For some, the shame of cowardice upon their soul, mind, and heart lasts forever.  Writes street evangelist Truxton Meadows:

I’m forty years old.  And I’ve lived a lot of life and made many mistakes.  I have regrets but have reconciled them in my life. The only nagging regrets I still have that I can’t reconcile are the times that I could have stood up for a kid that was getting bullied and I didn’t.  I was small and got picked on myself so I didn’t want to draw the bully’s attention and sometimes joined in to fit in. I regret that I never stood up for myself and others. 

Many parents have never even had a conversation with their children about cowardice. Warning against its corrosive nature isn’t even usually on our parental radar, or included in many sermons.  Instead, most of us are quick to warn our kids to avoid getting too involved (or involved at all) when someone is mistreated because of the collateral damage it may do to them.  This is in direct defiance to how Jesus told us to live (see the parable of the good Samaritan in Luke 10).  And we’re overlooking the far-reaching damage of cowardice itself:  Ultimately, cowardice can be as destructive as drug addiction.

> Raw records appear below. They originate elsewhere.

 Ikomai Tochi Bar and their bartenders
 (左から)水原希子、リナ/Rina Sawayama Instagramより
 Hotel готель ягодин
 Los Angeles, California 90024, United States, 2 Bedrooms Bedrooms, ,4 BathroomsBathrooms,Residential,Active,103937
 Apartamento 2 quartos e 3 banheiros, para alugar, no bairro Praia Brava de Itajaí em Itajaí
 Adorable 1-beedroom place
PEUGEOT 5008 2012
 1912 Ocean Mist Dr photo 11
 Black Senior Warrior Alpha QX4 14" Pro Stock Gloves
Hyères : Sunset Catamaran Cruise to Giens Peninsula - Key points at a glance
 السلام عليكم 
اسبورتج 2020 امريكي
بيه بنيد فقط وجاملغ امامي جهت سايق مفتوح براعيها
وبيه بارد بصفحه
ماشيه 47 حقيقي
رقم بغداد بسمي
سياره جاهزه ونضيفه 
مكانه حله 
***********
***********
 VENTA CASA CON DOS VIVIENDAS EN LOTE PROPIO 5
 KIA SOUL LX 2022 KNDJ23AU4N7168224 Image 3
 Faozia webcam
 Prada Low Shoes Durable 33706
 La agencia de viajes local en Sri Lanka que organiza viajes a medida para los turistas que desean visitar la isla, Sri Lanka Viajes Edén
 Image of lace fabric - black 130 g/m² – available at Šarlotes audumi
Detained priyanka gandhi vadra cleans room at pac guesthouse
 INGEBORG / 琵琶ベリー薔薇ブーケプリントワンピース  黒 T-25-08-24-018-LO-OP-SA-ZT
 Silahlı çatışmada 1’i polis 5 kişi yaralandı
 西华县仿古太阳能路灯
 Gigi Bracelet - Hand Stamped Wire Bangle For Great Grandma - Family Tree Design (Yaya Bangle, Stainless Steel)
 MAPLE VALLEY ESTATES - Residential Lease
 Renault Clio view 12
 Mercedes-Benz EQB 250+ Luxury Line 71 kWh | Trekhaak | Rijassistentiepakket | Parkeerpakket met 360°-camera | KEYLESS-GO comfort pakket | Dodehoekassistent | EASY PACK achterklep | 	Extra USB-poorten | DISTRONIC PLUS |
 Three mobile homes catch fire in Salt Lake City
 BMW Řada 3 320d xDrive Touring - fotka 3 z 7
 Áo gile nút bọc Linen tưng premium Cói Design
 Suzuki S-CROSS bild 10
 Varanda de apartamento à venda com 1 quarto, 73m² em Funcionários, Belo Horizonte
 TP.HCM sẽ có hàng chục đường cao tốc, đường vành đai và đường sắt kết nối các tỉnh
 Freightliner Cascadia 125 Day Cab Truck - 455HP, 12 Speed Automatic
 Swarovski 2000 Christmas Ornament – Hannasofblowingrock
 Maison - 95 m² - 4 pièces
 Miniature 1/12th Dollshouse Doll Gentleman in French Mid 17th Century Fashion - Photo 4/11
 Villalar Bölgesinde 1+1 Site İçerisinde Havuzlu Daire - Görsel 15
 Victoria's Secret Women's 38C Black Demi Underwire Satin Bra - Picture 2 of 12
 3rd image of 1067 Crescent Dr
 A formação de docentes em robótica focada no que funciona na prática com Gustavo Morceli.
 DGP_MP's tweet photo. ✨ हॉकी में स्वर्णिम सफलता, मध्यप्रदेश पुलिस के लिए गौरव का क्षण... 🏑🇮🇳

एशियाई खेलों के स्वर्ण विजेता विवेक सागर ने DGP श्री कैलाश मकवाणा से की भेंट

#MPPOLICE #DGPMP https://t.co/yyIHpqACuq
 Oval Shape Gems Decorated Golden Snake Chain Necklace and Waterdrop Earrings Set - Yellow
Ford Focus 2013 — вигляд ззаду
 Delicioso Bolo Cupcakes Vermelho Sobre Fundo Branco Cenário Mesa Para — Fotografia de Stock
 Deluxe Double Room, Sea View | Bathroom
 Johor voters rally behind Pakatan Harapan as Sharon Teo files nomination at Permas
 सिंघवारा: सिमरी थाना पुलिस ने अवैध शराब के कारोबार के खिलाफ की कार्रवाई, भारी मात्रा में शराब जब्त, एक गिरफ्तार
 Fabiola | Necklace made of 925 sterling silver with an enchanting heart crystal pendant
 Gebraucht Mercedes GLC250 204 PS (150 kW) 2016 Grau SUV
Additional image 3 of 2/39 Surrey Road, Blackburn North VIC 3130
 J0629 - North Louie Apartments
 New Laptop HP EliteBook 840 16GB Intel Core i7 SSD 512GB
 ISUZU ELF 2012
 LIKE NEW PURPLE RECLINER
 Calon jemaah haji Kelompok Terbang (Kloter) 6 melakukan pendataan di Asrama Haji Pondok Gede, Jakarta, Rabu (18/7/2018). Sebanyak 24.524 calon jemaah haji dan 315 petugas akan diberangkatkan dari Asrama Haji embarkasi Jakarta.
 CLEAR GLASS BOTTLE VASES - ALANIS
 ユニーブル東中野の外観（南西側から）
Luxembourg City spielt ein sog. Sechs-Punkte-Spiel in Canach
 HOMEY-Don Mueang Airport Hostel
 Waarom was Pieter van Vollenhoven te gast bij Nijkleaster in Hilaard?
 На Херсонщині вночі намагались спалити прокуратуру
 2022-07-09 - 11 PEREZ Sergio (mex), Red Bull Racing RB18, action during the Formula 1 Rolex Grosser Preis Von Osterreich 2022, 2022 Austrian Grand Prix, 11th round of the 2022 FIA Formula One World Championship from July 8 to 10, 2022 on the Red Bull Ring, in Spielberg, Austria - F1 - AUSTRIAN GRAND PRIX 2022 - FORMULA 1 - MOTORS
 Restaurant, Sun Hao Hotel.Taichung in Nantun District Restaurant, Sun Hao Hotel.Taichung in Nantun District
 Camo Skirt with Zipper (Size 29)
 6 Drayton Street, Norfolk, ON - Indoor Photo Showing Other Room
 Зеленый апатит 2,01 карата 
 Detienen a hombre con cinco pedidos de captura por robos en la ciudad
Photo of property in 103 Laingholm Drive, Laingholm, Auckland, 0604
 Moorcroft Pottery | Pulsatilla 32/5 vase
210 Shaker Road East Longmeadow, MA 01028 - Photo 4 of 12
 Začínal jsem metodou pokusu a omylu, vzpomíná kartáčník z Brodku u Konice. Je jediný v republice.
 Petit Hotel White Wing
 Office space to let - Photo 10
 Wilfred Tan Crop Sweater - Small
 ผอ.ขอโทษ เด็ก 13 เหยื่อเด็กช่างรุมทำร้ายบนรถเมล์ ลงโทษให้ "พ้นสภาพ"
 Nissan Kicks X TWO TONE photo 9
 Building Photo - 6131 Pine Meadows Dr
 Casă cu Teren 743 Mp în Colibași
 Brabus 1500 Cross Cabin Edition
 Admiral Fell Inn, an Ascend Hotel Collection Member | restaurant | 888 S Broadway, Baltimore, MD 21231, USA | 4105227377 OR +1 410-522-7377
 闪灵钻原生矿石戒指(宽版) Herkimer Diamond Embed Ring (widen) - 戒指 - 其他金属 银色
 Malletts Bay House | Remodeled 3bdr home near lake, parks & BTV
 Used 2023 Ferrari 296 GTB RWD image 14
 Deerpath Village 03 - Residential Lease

We don’t discuss how cowardice undermines our integrity and character, much less what God says about it.  There are approximately thirty biblical examples of cowardice, and every one is a cautionary tale.  Are you aware that even in many countries (such as France and Germany), civil courage is enforced by law?  That if citizens witness a public crime they are obliged to act, either by alerting the authorities or by intervening?  Or if the crime is committed in a private environment, witnesses are either to report it or try to stop it?

We don’t talk about cowardice with our children because we don’t really think courage is all that necessary in the first place.  We also can’t bear the thought that our kids might exhibit cowardice.  In fact, in this area, we’d rather be ignorant or uninvolved than engage the matter and help our sons and daughters go to work on it.  We’re more worried about hurting our children’s feelings than we are concerned about cultivating hearts that don’t listen to fear when making decisions.